(What to do):
Pictures in the listing should not be copied. Reproduce, word for word, each line from the one holding "Ватикан: Св. Таинства" through the final line.

==============================

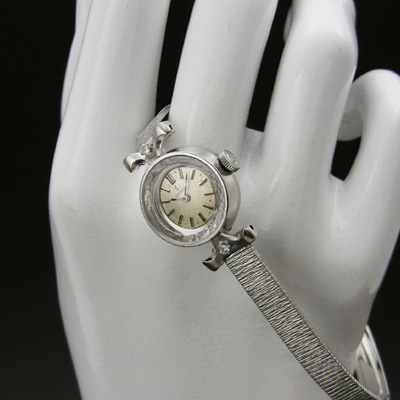 オメガ ダイヤ装飾 14KWG プリズム風防 レディースウオッチ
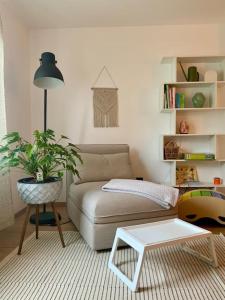 Ruang duduk di Gemütliches Appartement in Bad Wilhelmshöhe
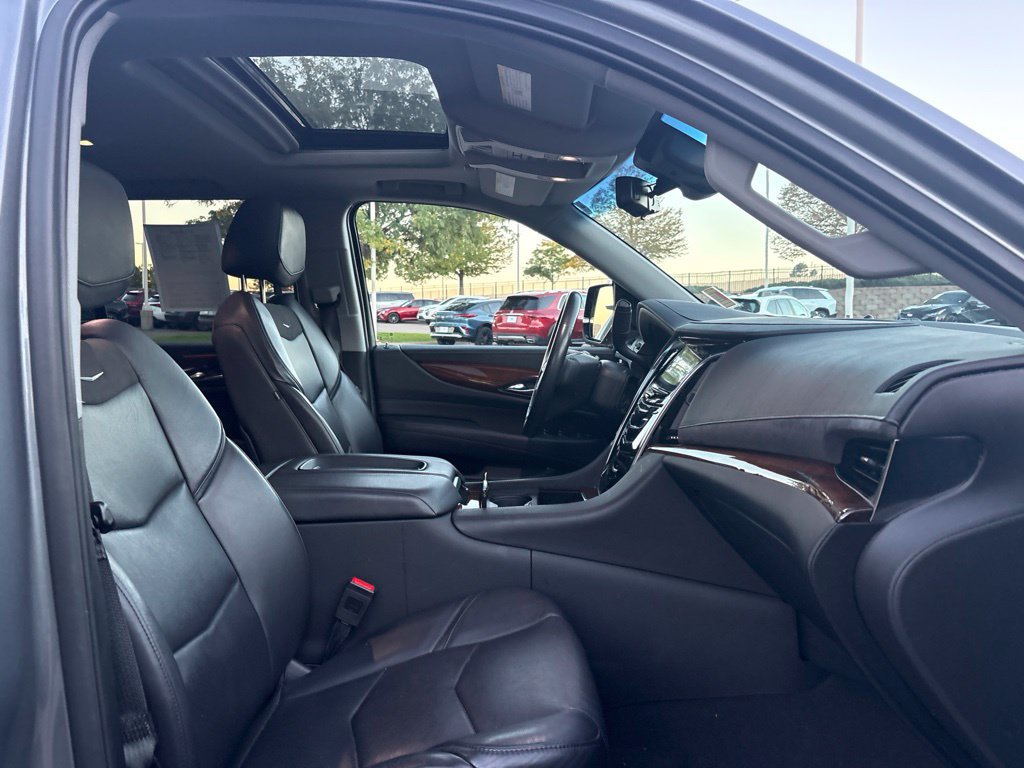 Used 2019 Cadillac Escalade Luxury AWD/4WD image 26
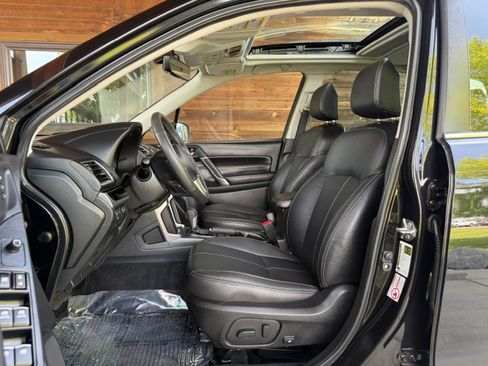 Used 2018 Subaru Forester 2.5i Touring AWD/4WD image 9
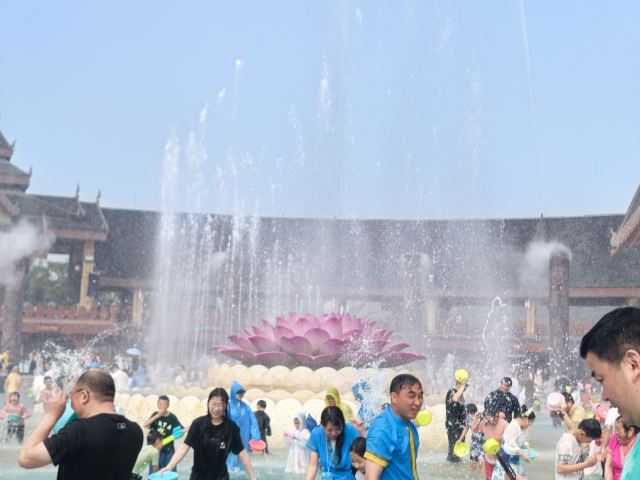 西双版纳傣族园旅行图片 3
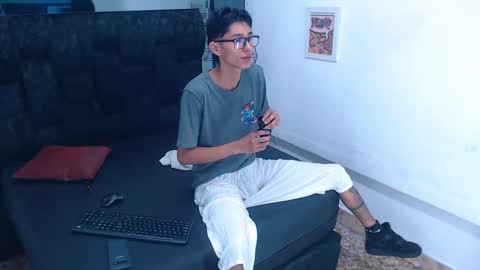 Daniel Delux  online show from October 7, 11:40 am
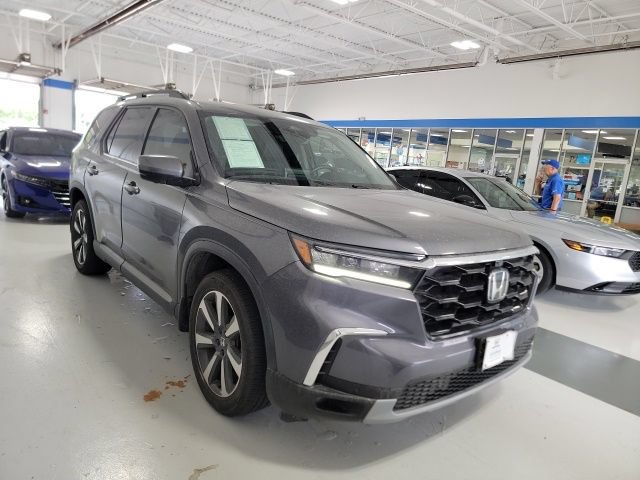 Used 2025 Honda Pilot Elite image 3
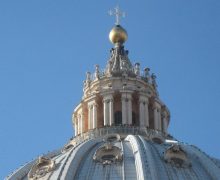 Ватикан: Св. Таинства для транссексуалов и гомосексуалистов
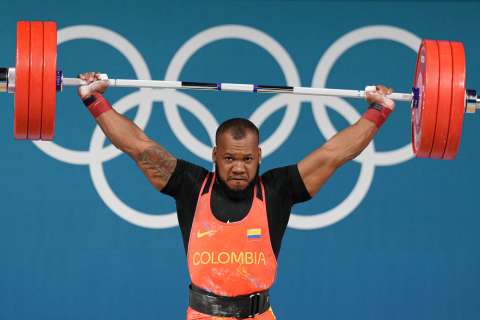 La impresionante historia de Jeison “Goku” López, el nuevo medallista olímpico
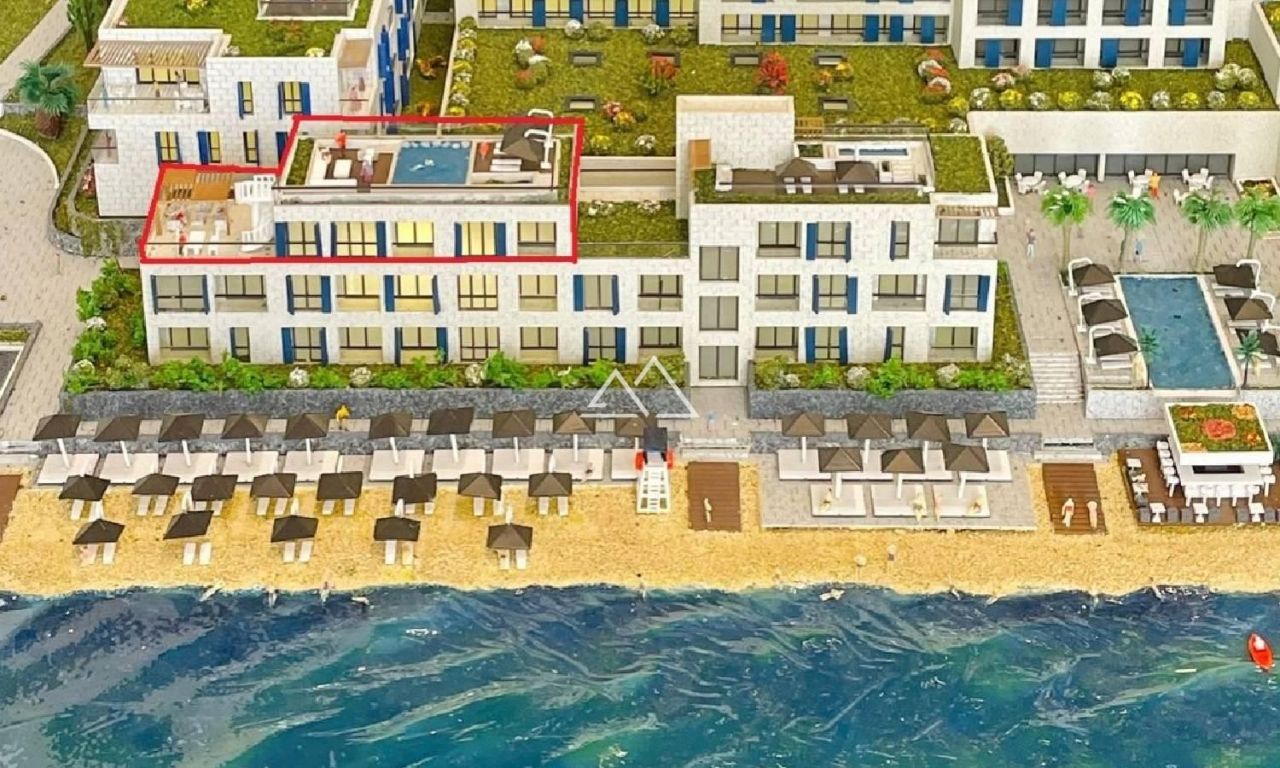 Appartement à Risan, Monténégro, 384 m² - image 3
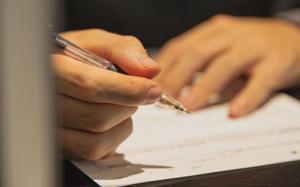 Imagen de la cobertura de: ¿Está desapareciendo la escritura a mano? La caligrafía resiste en la era digital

==============================

(Exercise solution):
 Ватикан: Св. Таинства для транссексуалов и гомосексуалистов
 La impresionante historia de Jeison “Goku” López, el nuevo medallista olímpico
 Appartement à Risan, Monténégro, 384 m² - image 3
 Imagen de la cobertura de: ¿Está desapareciendo la escritura a mano? La caligrafía resiste en la era digital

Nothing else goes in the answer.